Reputation: 151
I am using the BRIEF descriptor in OpenCV in Visual C++ 2010 to match points in two images.
In the paper about the BRIEF-descriptor is written that it is possible to speed up things:
"The BRIEF descriptor uses hamming distance, which can be done extremely fast on modern CPUs that often provide a specific instruction to perform a XOR or bit count operation, as is the case in the latest SSE instruction set."
With SSE4.2 enabled it should be speeded up. My questions is simply how I do this in Visual C++?

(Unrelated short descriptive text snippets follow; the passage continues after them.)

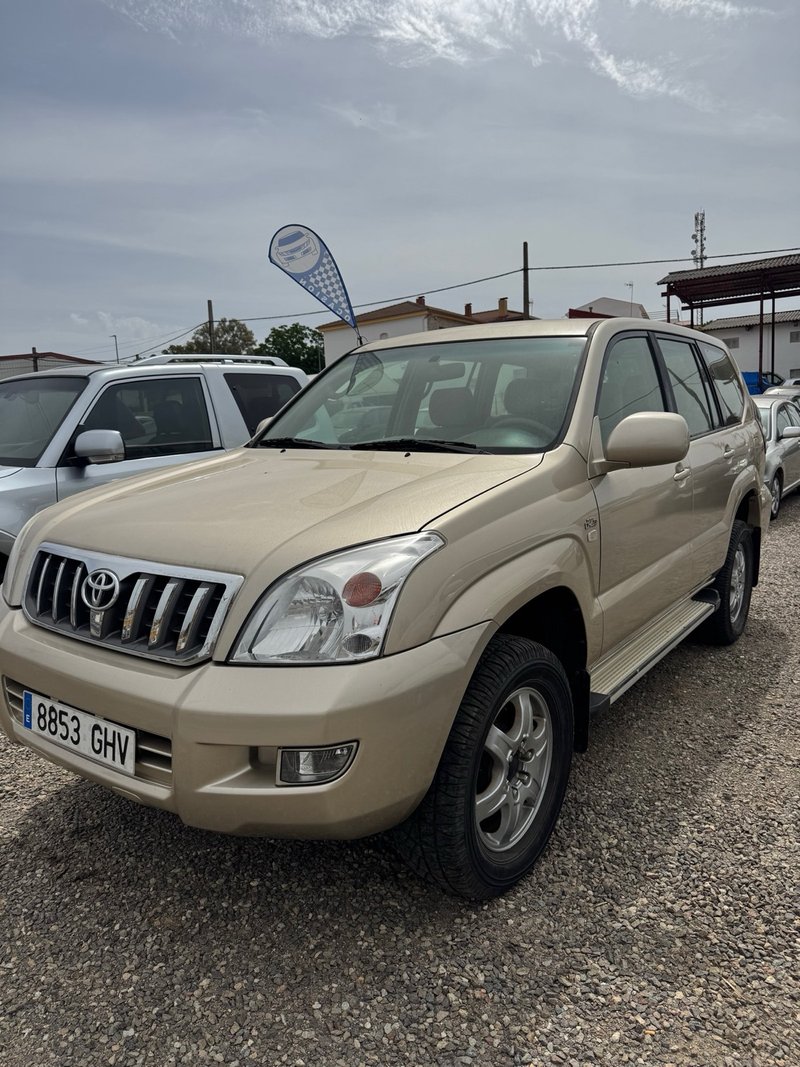 Toyota Land Cruiser 2008 - foto 1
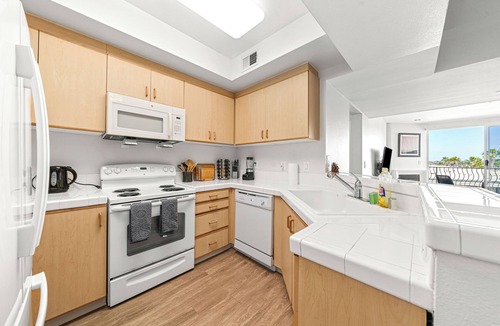 Marina del Rey Apartment | Acacia' Waterfront Full Marina View Walk to Beach Pool Gym Jacuzzi And Sauna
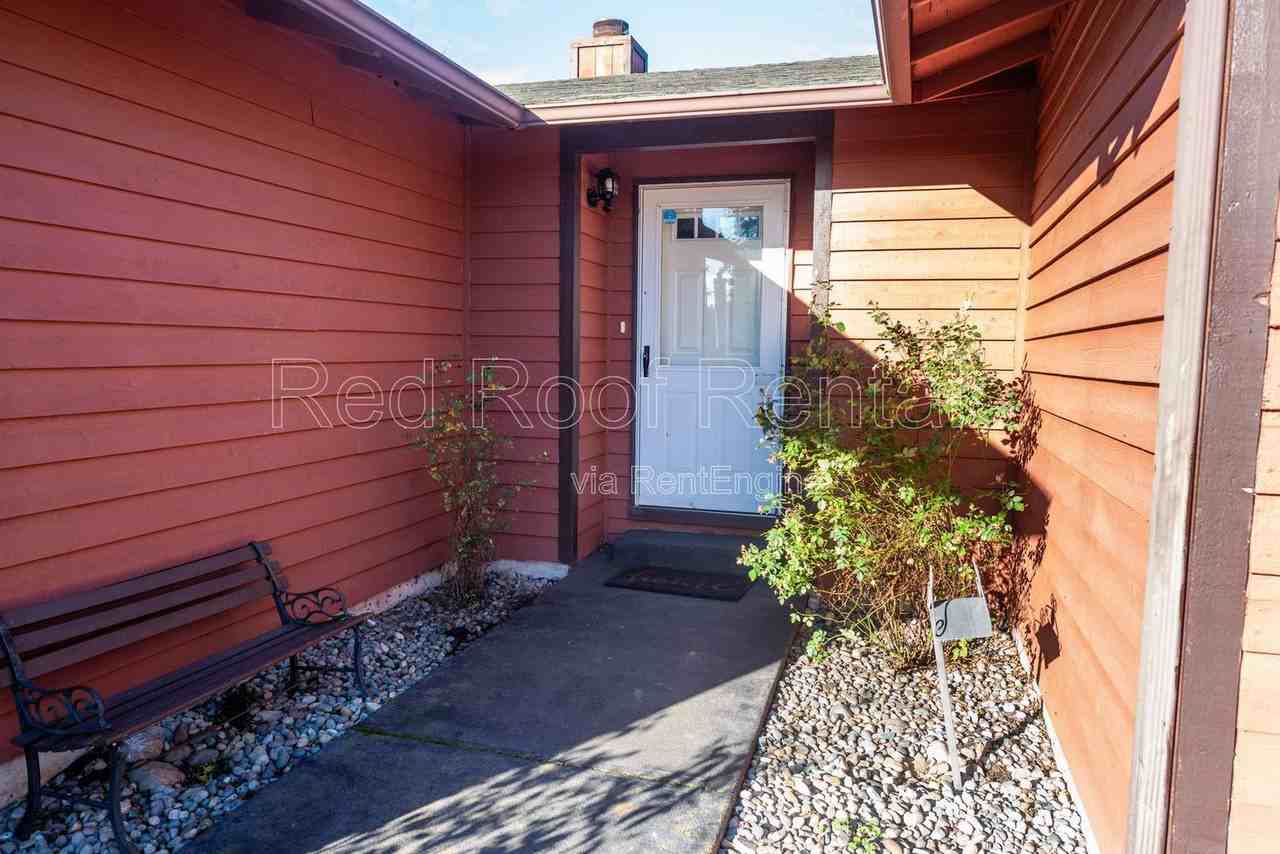 2107 167th Street Ct E - Photo 5 of 37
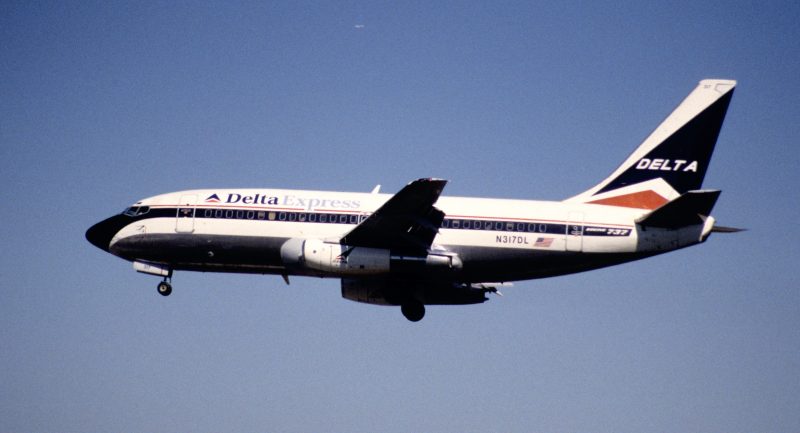 Pilot Report: Flying the Short, Stubby, Beautiful 737-200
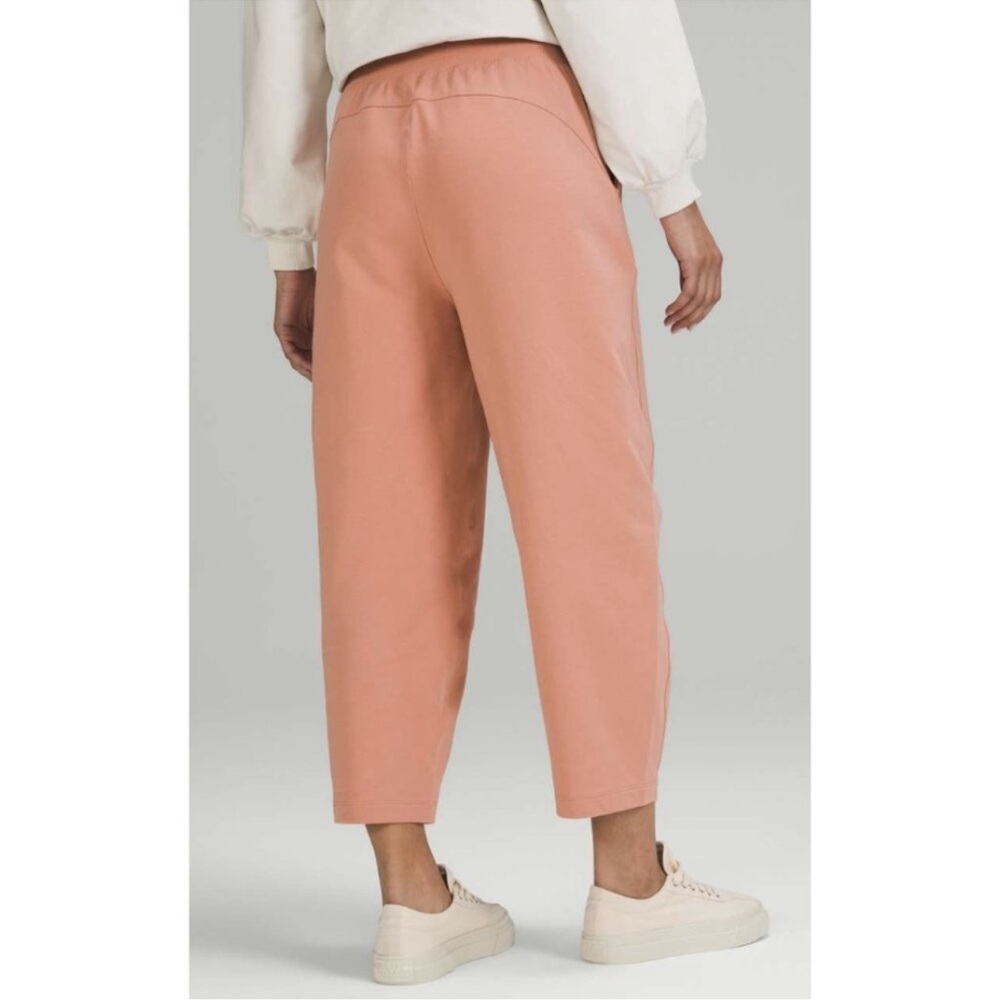 EUC * Lululemon Barrel Pants SZ 8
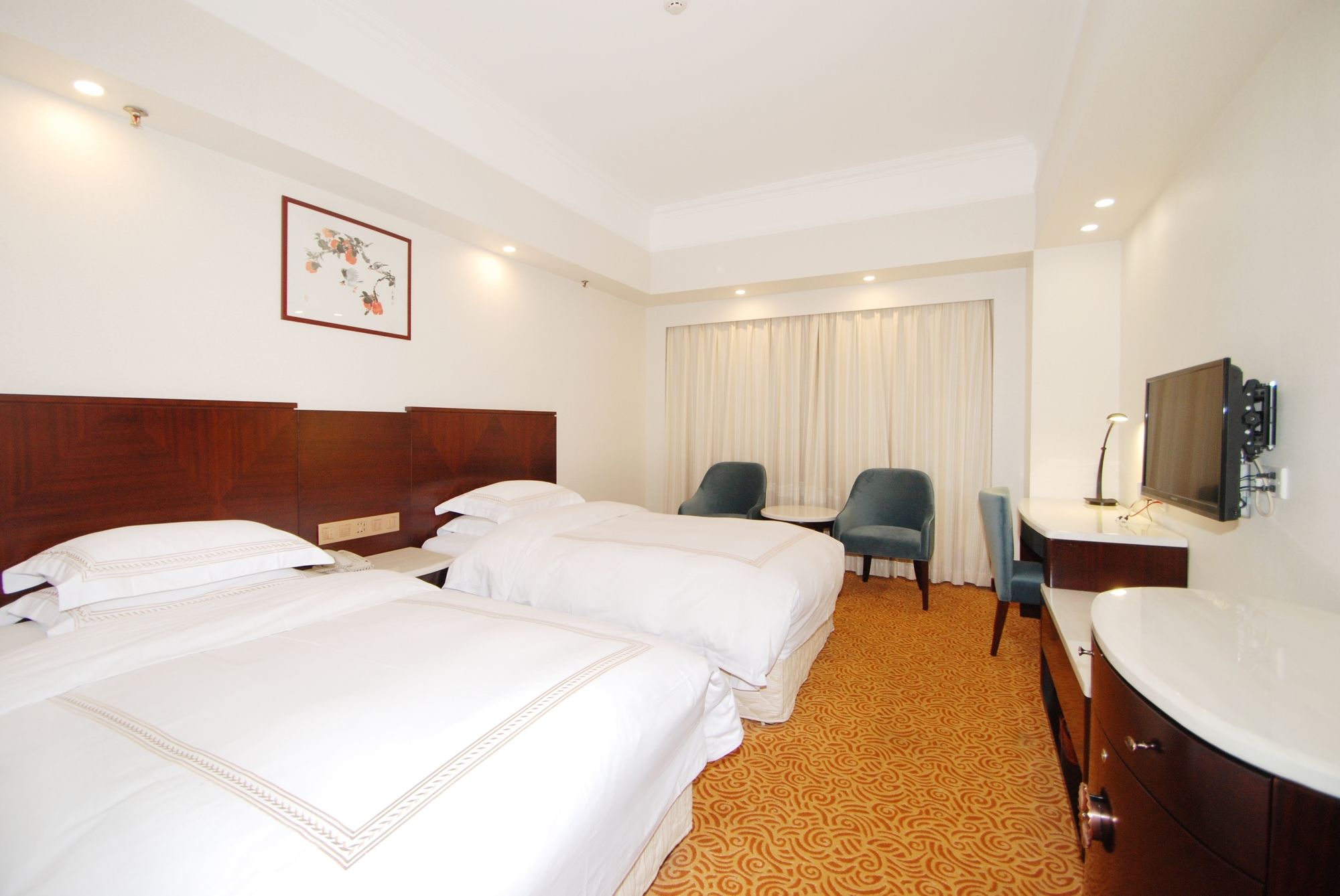 Фото Overseas Chinese Friendship Hotel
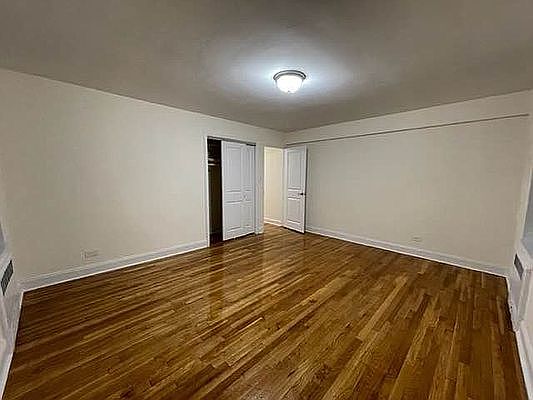3rd image of 86-70 Midland Pkwy #1M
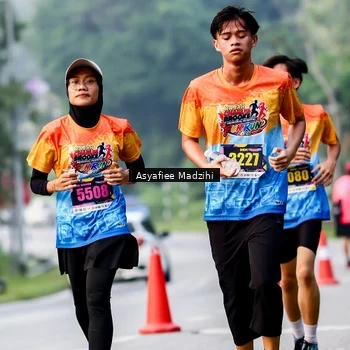 Runner Photo 8140456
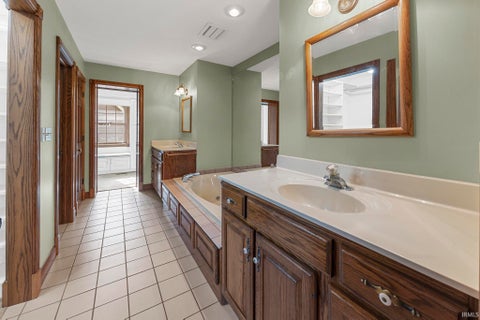 Tiny photo for 425 Schuetter Road, Jasper, IN 47546 (MLS # 202546009)
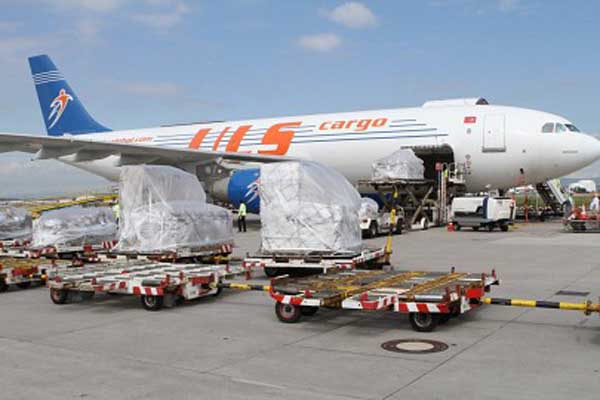 Germany sends aid materials to Syrian refugees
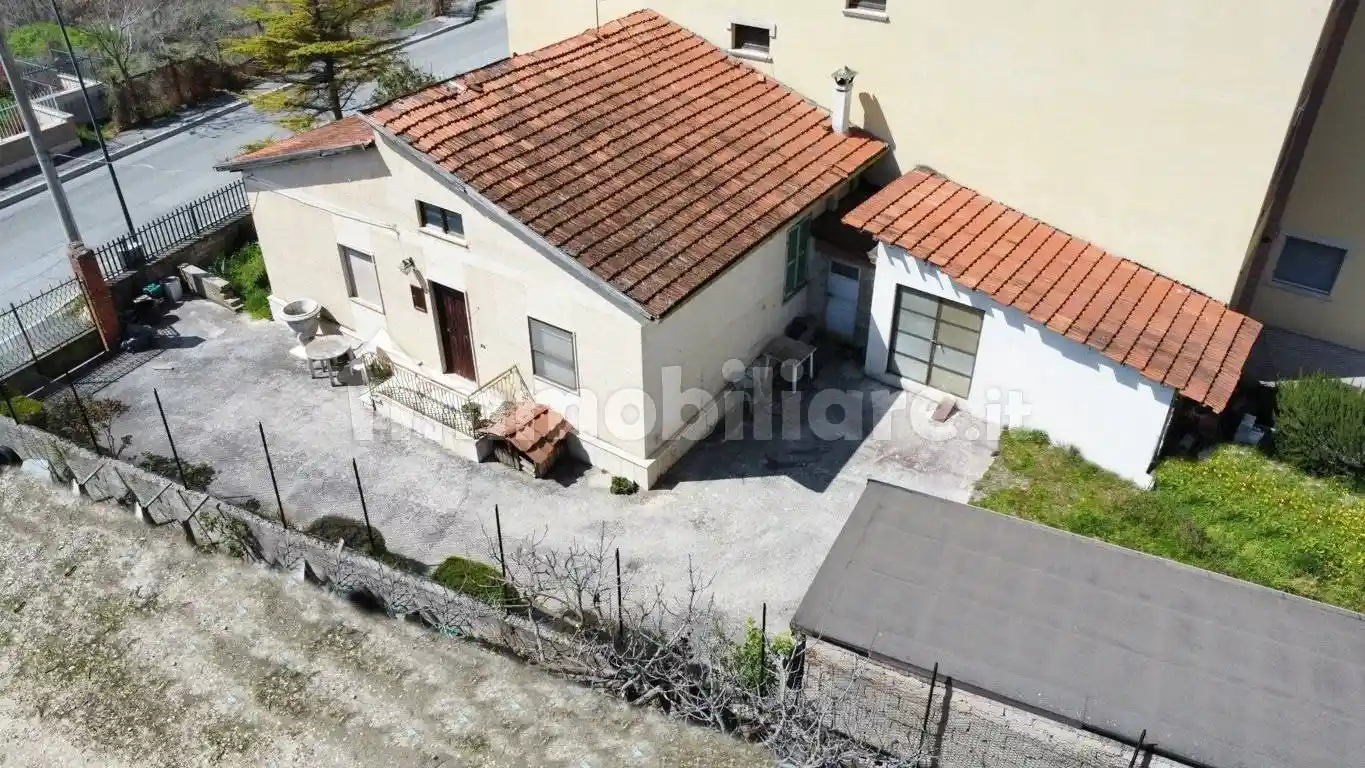 Terratetto unifamiliare 85 m², da ristrutturare, Centro, Avezzano - foto 5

An alternative way could be to choose another compiler supporting SSE4. For instance Intel's ICC. Is this really necessary?
Upvotes: 5
Views: 6942
Reputation: 141
It seems like Visual Studio 17.11.5 (and toolset 14.41) added /arch:SSE4.2
.
Not very many SSE 4.2 instructions are used, on par with the old undocumented /d2archSSE42
, but it's also getting documented: https://learn.microsoft.com/en-us/cpp/build/reference/arch-x64?view=msvc-170
Upvotes: 2
Reputation: 13689
You can pass /arch:
options in undocumented way as /d2...
options. Like /d2archAVX
.
/d2archSSE42
is accepted this way. It is the only possible option not available via the documented /arch:
Upvotes: 1
Reputation: 48012
The MSVC compiler has an /arch
option for specifying the minimum architecture you want your program to target. Setting it like /arch:SSE2
will tell the compiler to assume that the CPU supports the SSE2 instructions, and it will automatically use them whenever the optimizer determines it's appropriate.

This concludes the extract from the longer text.